**TASK TO COMPLETE:** Go to the line holding "田植え後の苗箱には、泥や根がぎっしり。" in the data below and repeat it exactly, then each line after it up to and including the one holding "Photo: Researchers collect". Omit pictures.

**SOURCE RECORDS:**
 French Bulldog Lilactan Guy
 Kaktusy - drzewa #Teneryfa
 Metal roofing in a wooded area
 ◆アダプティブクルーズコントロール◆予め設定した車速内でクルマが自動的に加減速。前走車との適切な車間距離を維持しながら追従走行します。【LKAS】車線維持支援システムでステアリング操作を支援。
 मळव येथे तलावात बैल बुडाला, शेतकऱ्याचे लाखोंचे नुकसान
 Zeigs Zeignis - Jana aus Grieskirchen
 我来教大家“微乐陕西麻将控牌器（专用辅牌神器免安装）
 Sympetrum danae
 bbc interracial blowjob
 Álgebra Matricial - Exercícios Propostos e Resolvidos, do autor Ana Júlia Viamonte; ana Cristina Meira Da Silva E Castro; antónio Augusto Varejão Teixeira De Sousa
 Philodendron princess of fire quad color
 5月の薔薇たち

==

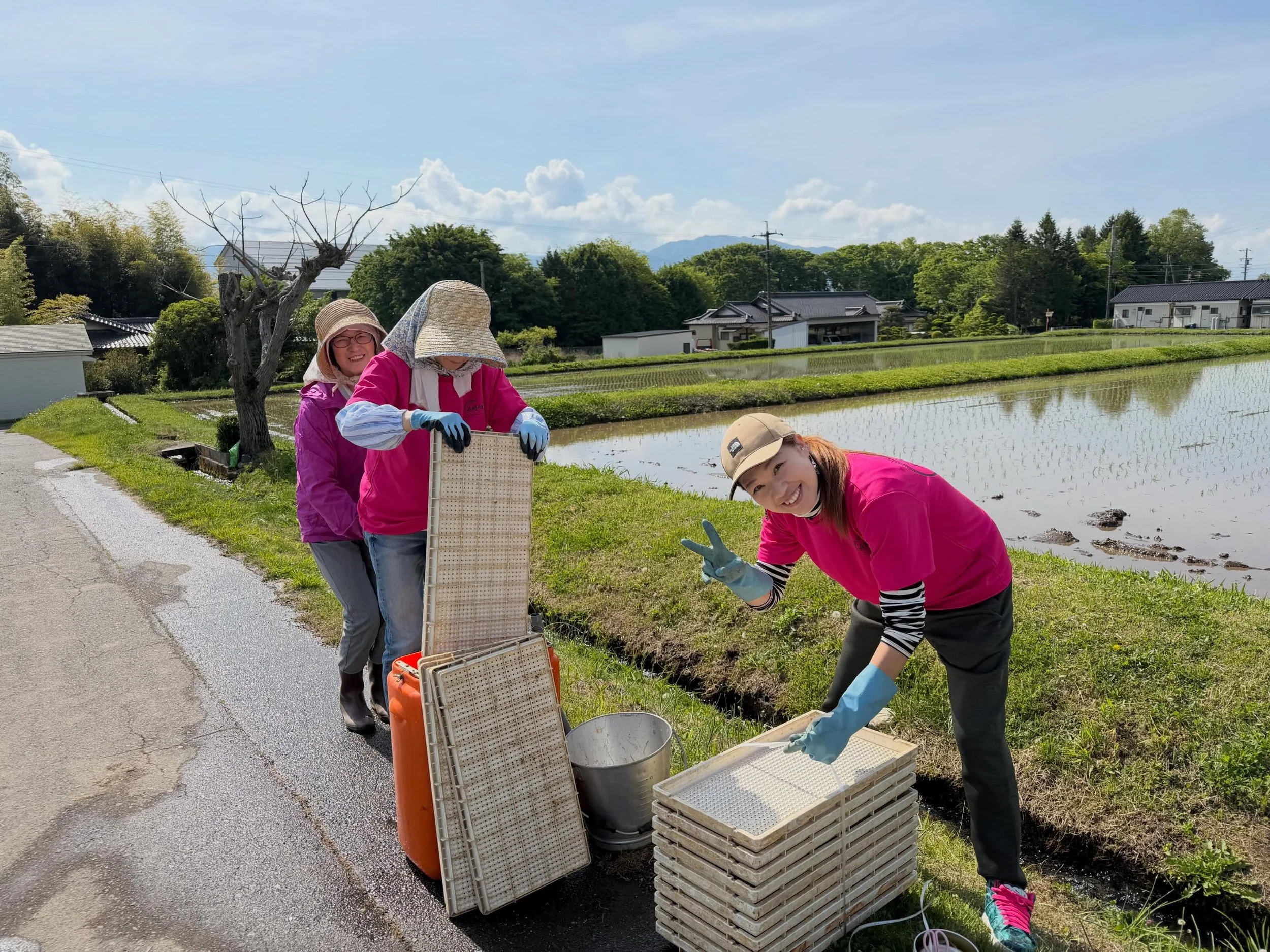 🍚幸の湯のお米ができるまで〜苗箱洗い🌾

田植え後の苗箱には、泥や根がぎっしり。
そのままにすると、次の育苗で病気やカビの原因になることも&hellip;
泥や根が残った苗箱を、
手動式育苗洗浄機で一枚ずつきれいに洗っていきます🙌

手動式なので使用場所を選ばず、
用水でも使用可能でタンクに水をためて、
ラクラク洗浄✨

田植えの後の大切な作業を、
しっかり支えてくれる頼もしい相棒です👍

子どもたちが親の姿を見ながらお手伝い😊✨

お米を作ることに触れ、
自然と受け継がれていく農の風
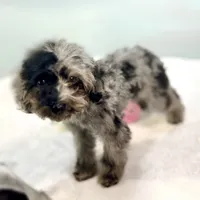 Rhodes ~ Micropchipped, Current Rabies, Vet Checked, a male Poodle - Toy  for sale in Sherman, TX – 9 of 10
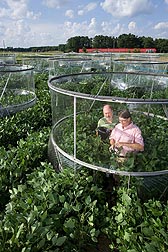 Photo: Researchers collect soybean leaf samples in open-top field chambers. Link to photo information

==

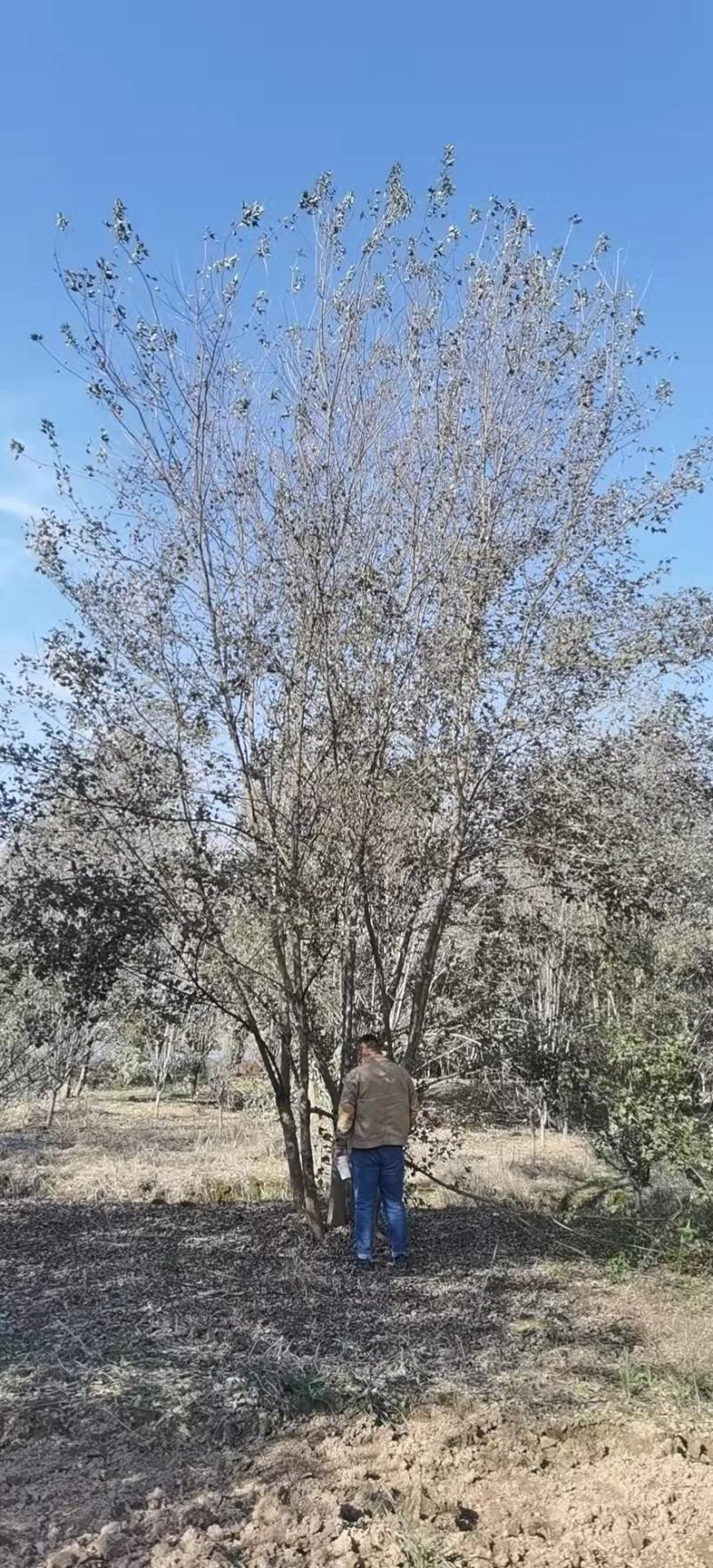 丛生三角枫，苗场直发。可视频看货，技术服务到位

**YOUR RESPONSE:**
田植え後の苗箱には、泥や根がぎっしり。
そのままにすると、次の育苗で病気やカビの原因になることも&hellip;
泥や根が残った苗箱を、
手動式育苗洗浄機で一枚ずつきれいに洗っていきます🙌

手動式なので使用場所を選ばず、
用水でも使用可能でタンクに水をためて、
ラクラク洗浄✨

田植えの後の大切な作業を、
しっかり支えてくれる頼もしい相棒です👍

子どもたちが親の姿を見ながらお手伝い😊✨

お米を作ることに触れ、
自然と受け継がれていく農の風
 Rhodes ~ Micropchipped, Current Rabies, Vet Checked, a male Poodle - Toy  for sale in Sherman, TX – 9 of 10
 Photo: Researchers collect soybean leaf samples in open-top field chambers. Link to photo information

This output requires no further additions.